How to set up multiple instances of StreamSets - anodot/daria GitHub Wiki

If you want to run pipelines on multiple instances of StreamSets you must have a separate machine or a container for each instance. Each machine must have:

  • docker;
  • docker-compose;
  • access to https://app.anodot.com or a specific subdomain where your account is created;
  • access to the agent container by a URL;
  • a URL for the StreamSets container that is accessible to the agent on port 18630 (you can forward any port to the StreamSets in the container).

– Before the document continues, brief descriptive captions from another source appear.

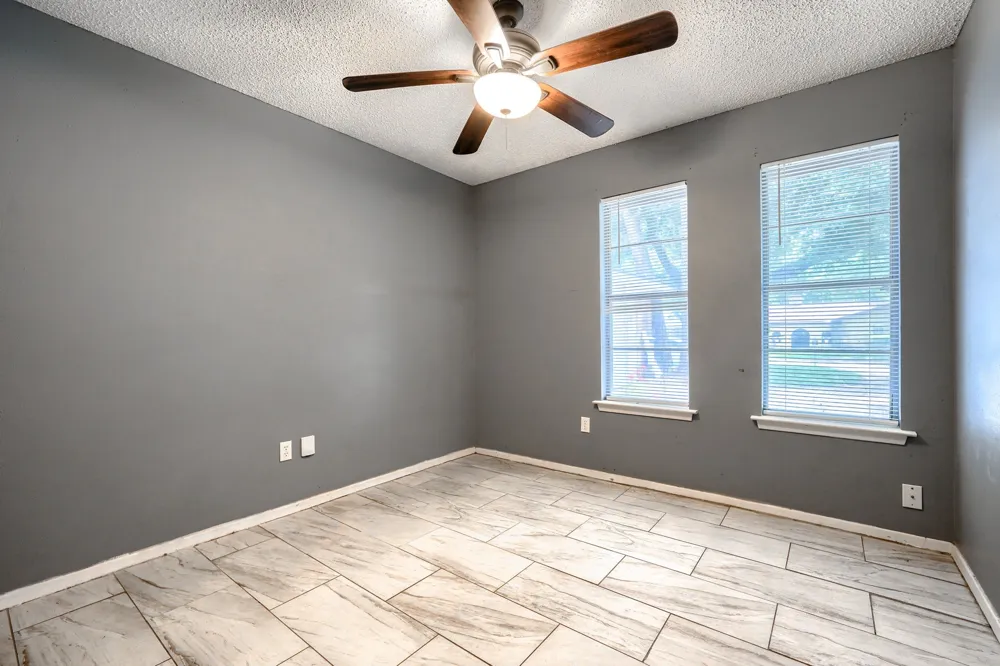 821 Prestwick Street Bedford, TX 76022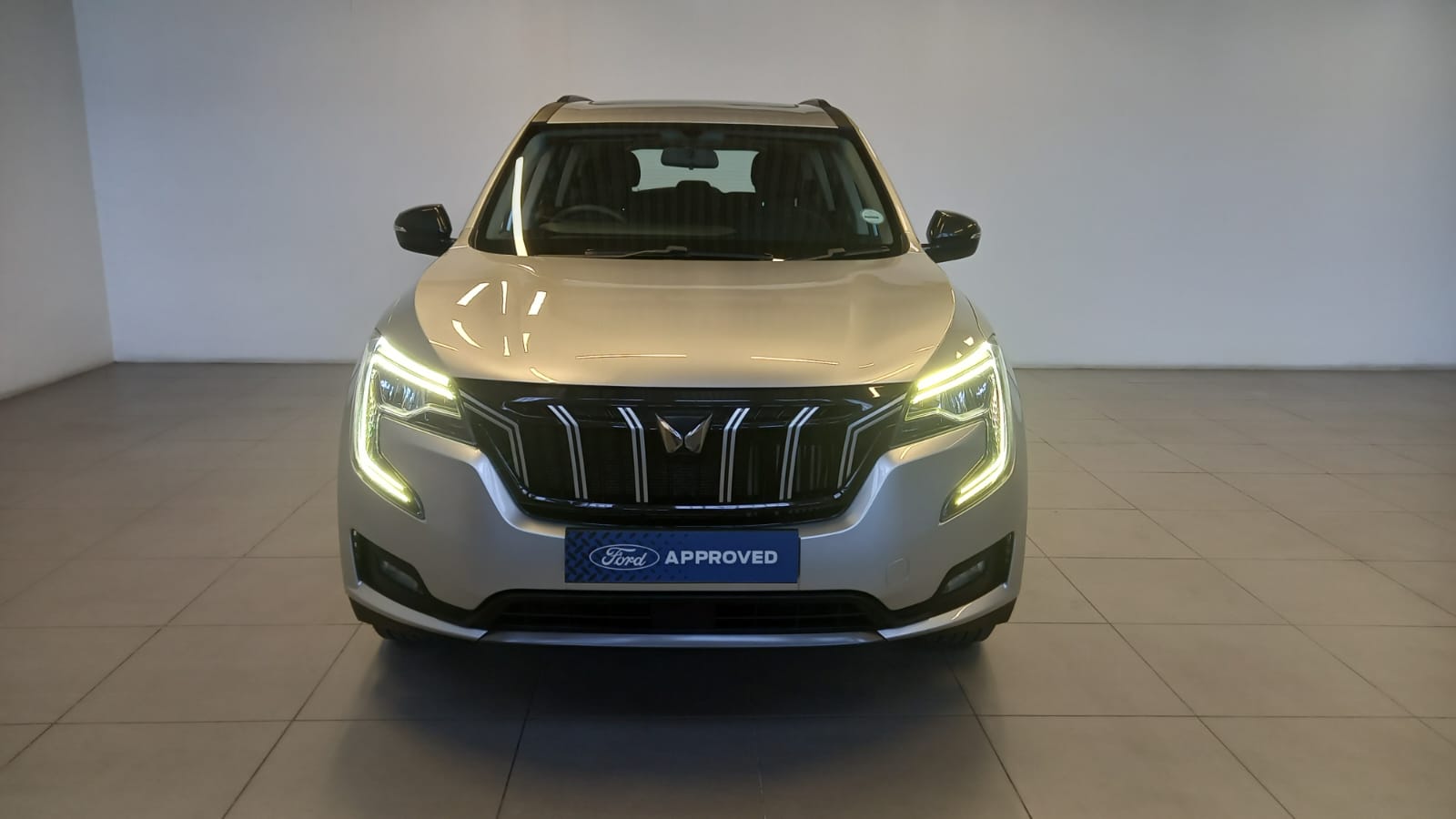 Mahindra XUV700 2.0T AX5 Eastern Cape Motors East London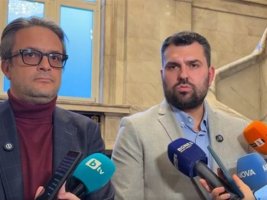 GERB'den iddia: PP ve DB Dotsova'nın istifası için imza vermeyerek Radev'le yeni koalisyon kuruyor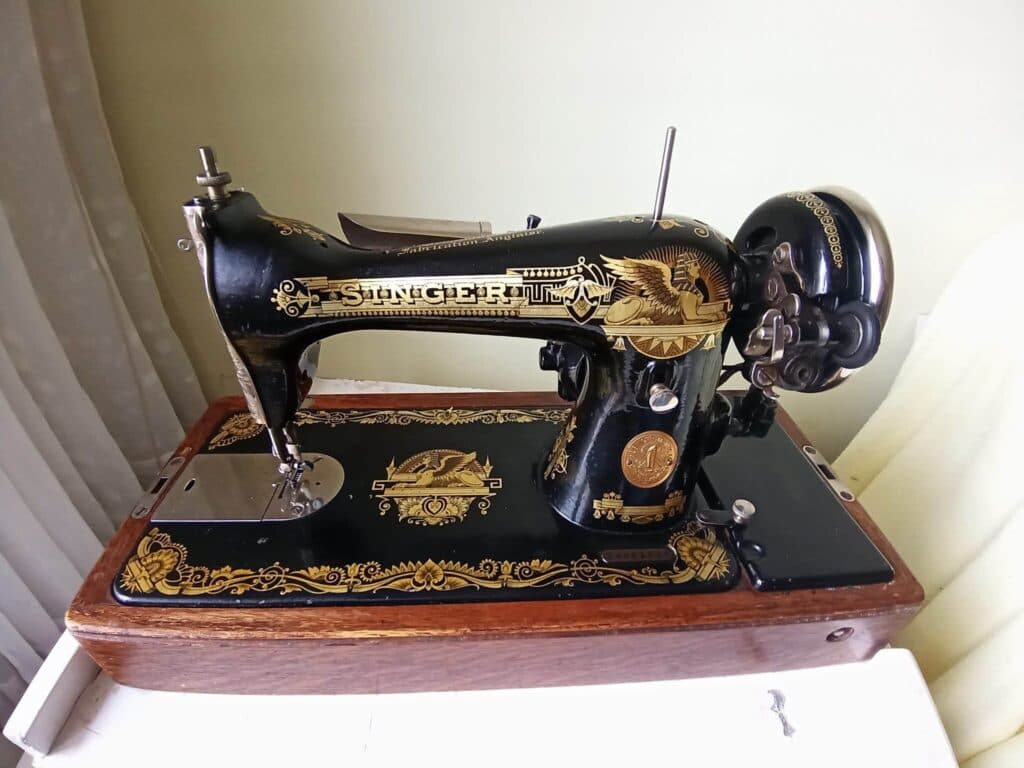 Taxatie van de prijs voor de Prachtige Genummerde Singer Naaimachine Taxatie van de prijs voor de Prachtige Genummerde Singer Naaimachine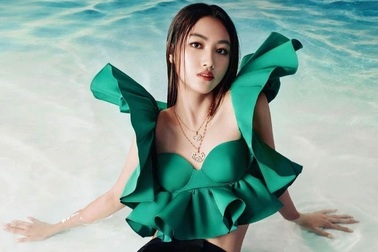 Mỹ nhân 10X có mẹ là siêu mẫu, cha là "ông trùm phim hành động Hong Kong"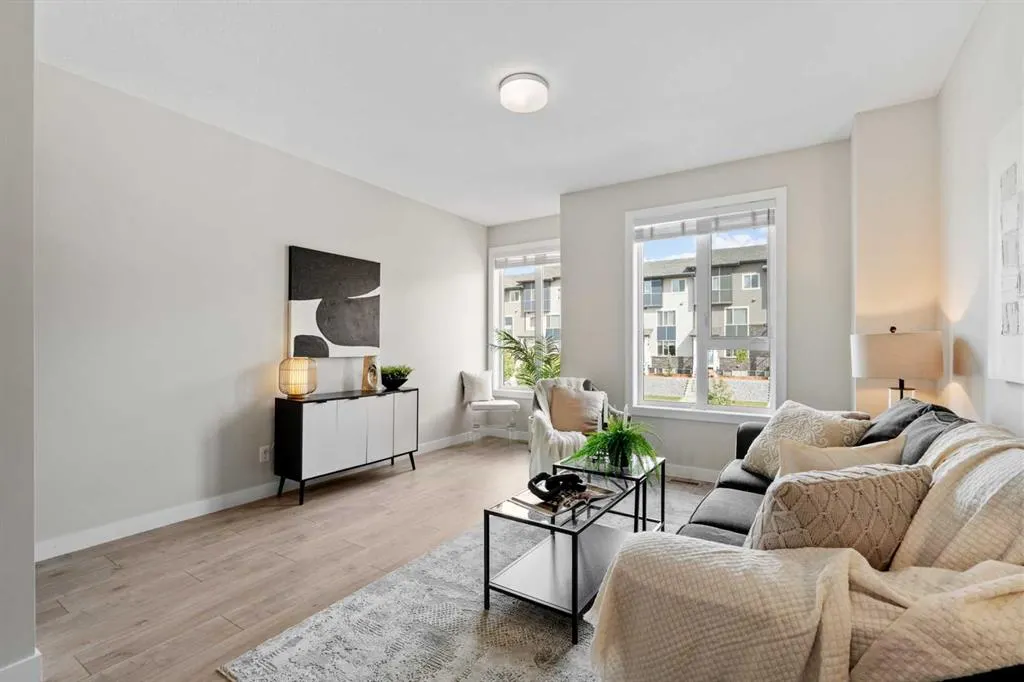 414 Drake Landing Wynd
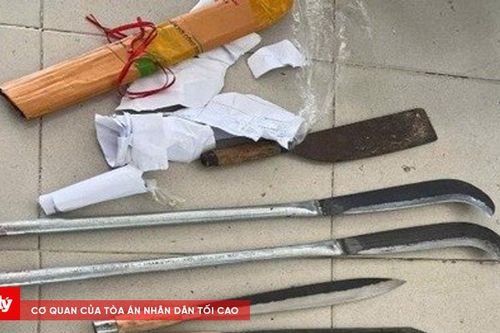 Phát hiện nhiều hung khí trong cơ sở cầm đồ không phép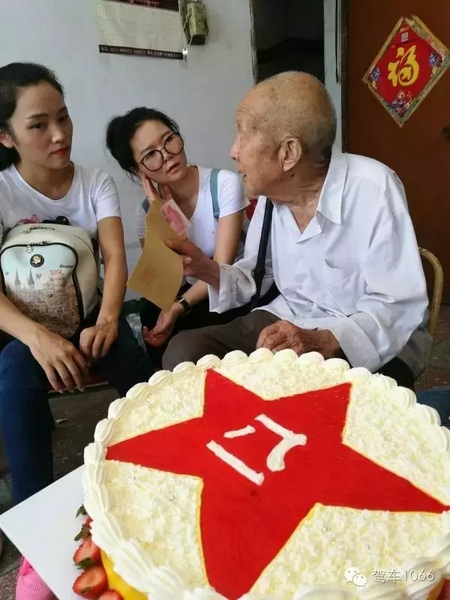 二姐們認真聽老兵講抗戰的故事，老人年事已高，記憶都是轟炸！轟炸！轟炸！
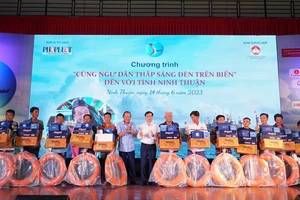 'Cùng ngư dân thắp sáng đèn trên biển' tặng 200 phần quà cho ngư dân Ninh Thuận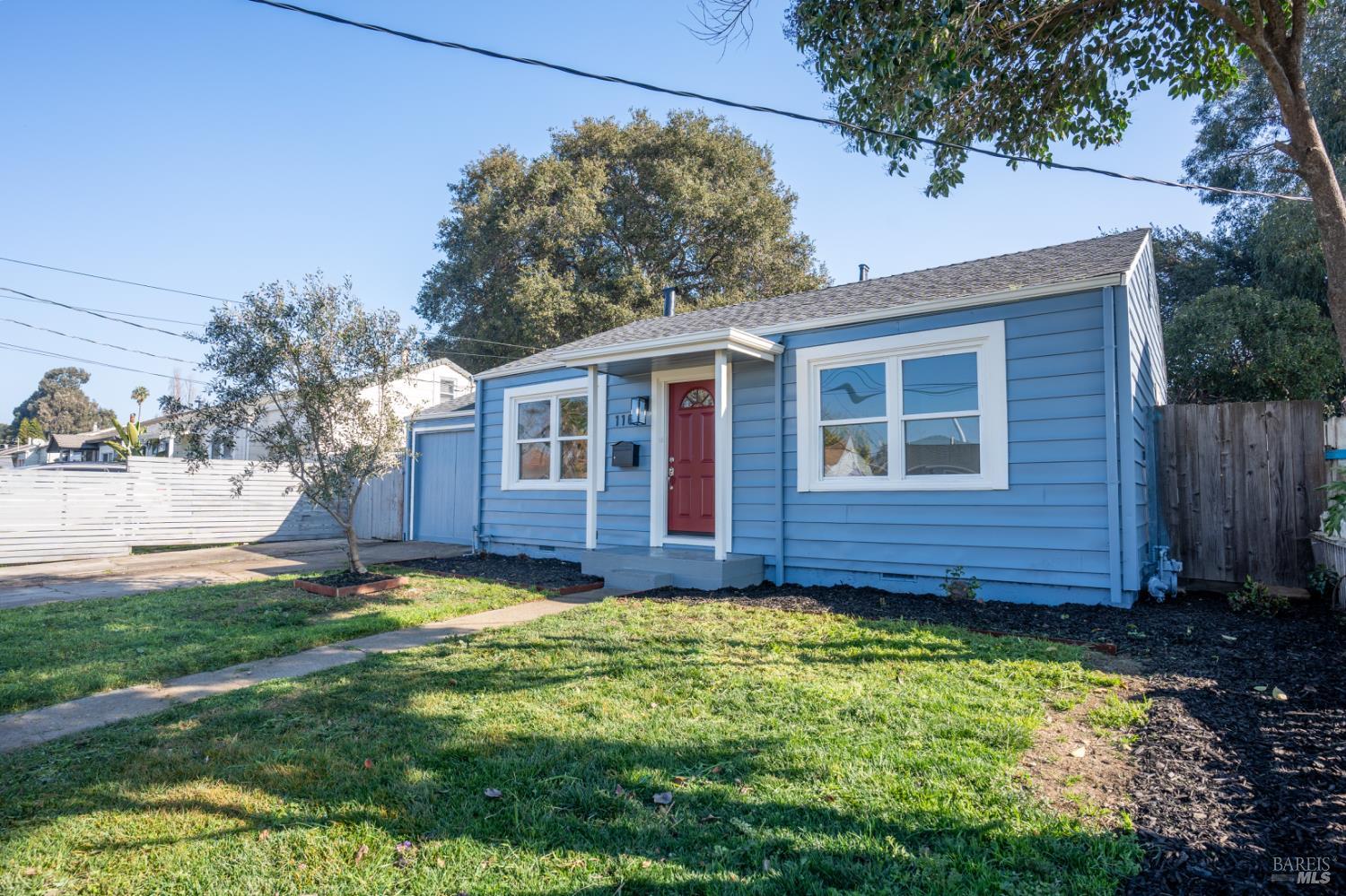 Detail Gallery Image 6 of 29 For 116 Hogan Ave, Vallejo,  CA 94589 - 3 Beds | 1 Baths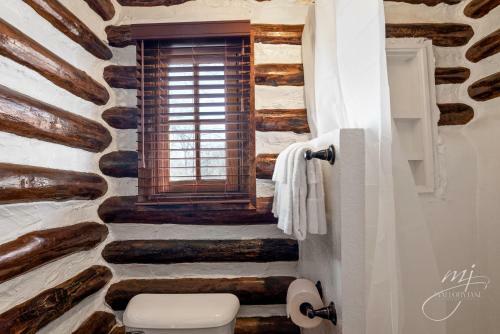 Hotel Log Cabin Inn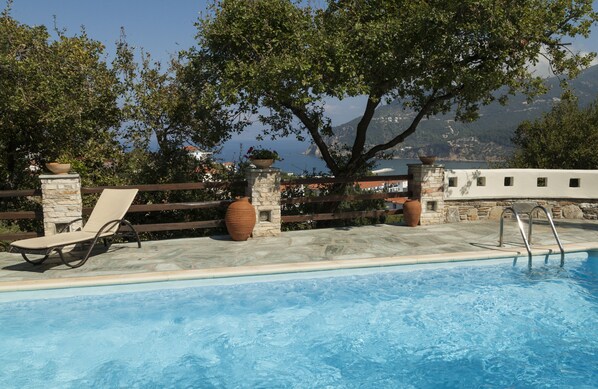 poool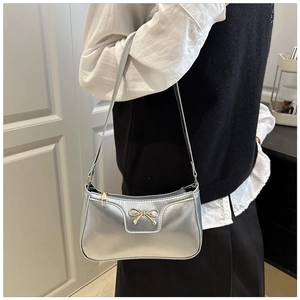 Bolso de hombro de moda en PU plateado metalizado con un lazo metálico decorativo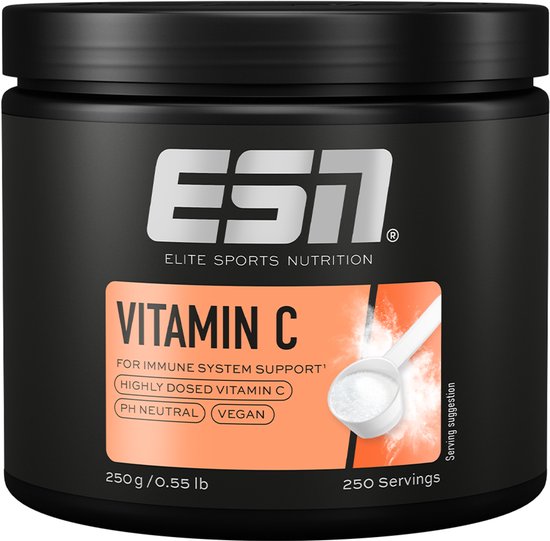Zwarte pot met ESI logo en het etiket "VITAMIN C". Een schepje met wit poeder ernaast. Tekst: "FOR IMMUNE SYSTEM SUPPORT", "HIGHLY DOSED VITAMIN C", "PH NEUTRAL", "VEGAN", "250g / 0.55 lb", "250 SERVINGS".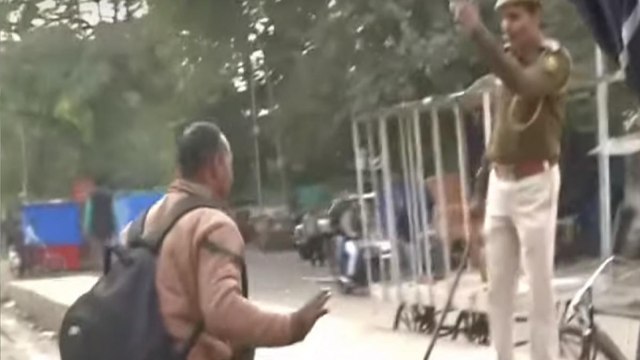 Patna police lathicharge on protesting ward secretaries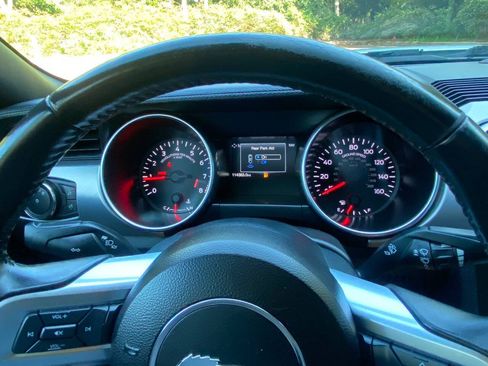 Used 2018 Ford Mustang GT Premium RWD image 23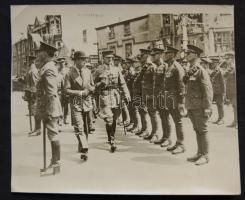 1931 VI. György látogatása Eastbourneben sajtófotó / Visit of Gerorg VI. in Eastbourne  20x25 cm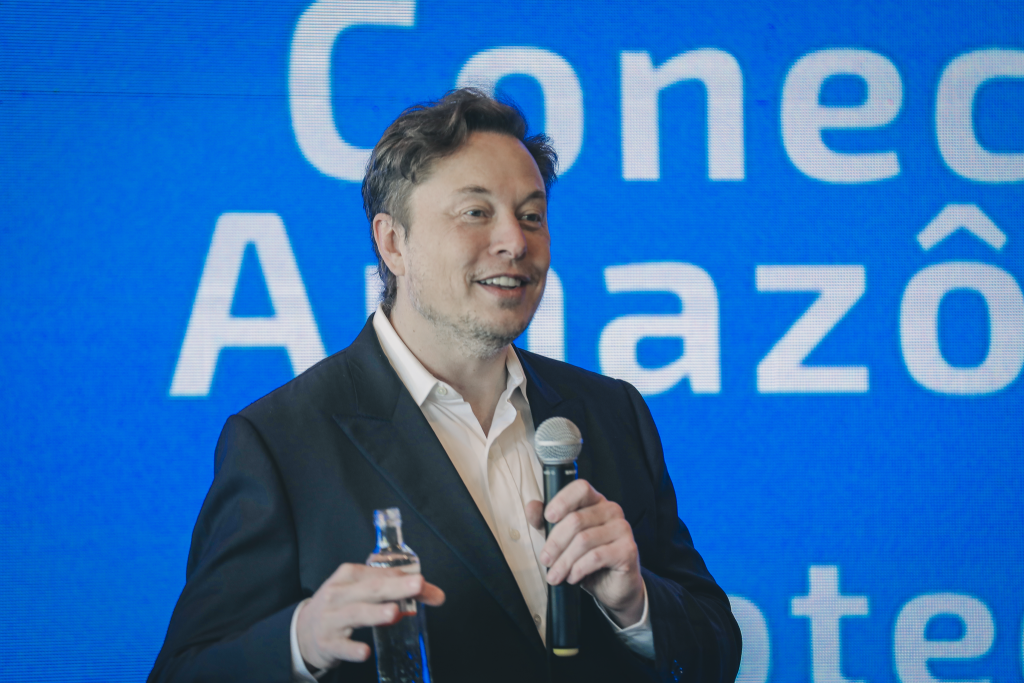 Elon Musk, 100M$ Penthouse İddialarını Reddetti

When the requirements above are satisfied, follow these steps:

  1. Login the machine that will run a StreamSets instance.
  2. Create a docker-compose.yaml file wherever is convenient for you with such contents:
version: '3.1'

services:
  dc:
    image: anodot/streamsets:latest
    restart: on-failure
    container_name: anodot-sdc
    ports:
      - 18630:18630
    environment:
      SDC_JAVA_OPTS: "${SDC_JAVA_OPTS} -Xmx10240m -Xms10240m -server"
      SDC_CONF_RUNNER_THREAD_POOL_SIZE: "2000"
    volumes:
      - sdc-data:/data

volumes:
  sdc-data:
  1. Run docker-compose up -d from the directory where that file is located.
  2. Add StreamSets instance to the agent:
  • in the agent docker container run agent streamsets add:
  • enter the URL of the StreamSets container you created
  • keep user and pass default values if you didn't change it in StreamSets
  • enter the agent URL via which StreamSets can access the agent

Example:

agent streamsets add
Enter streamsets url: http://streamsets-2:18630
Username [admin]:
Password [admin]:
Agent external URL [http://anodot-agent]: http://anodot-agent:8080
StreamSets instance added to the agent

Here's the diagram of how StreamSets, agent and Anodot communicate

You have to do these steps for every new StreamSets instance.

If you have more than one StreamSets added to the agent, the agent will automatically create new pipelines in different instances so that the load is balanced between them.